### About this task:
As the answer, give exactly the lines of the records below from the one with "WOHHOM 40 Amp" through the one with "Brick Orange Dual", ends included and pictures left out.

### Input material:

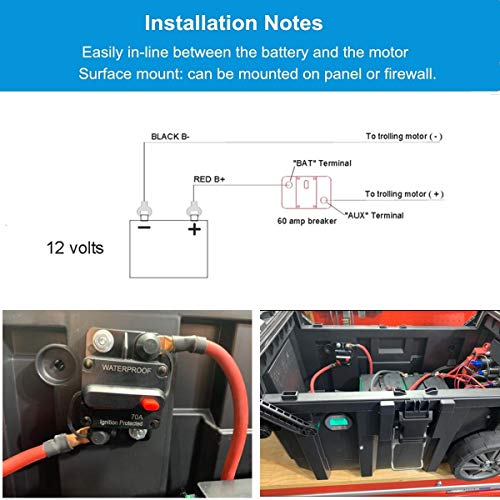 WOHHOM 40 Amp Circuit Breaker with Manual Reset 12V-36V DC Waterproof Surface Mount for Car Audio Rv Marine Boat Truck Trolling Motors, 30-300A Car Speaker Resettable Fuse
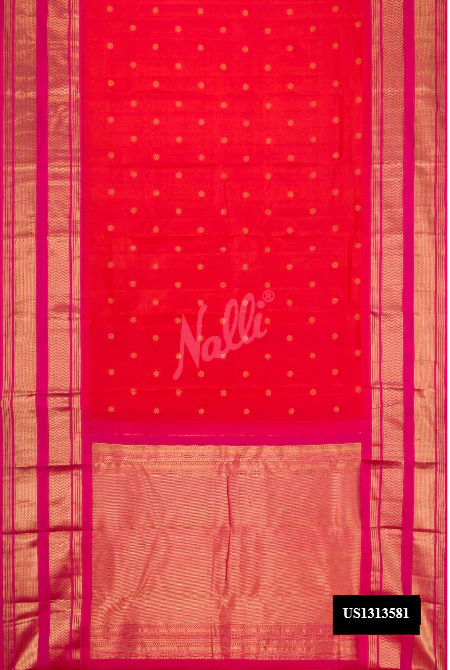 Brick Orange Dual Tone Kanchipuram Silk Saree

--

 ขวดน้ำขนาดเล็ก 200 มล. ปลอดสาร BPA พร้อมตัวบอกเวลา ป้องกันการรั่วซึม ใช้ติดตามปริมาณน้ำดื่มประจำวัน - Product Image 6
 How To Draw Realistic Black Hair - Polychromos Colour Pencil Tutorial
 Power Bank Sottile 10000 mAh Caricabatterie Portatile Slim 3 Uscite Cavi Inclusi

### Answer to the problem:
 WOHHOM 40 Amp Circuit Breaker with Manual Reset 12V-36V DC Waterproof Surface Mount for Car Audio Rv Marine Boat Truck Trolling Motors, 30-300A Car Speaker Resettable Fuse
 Brick Orange Dual Tone Kanchipuram Silk Saree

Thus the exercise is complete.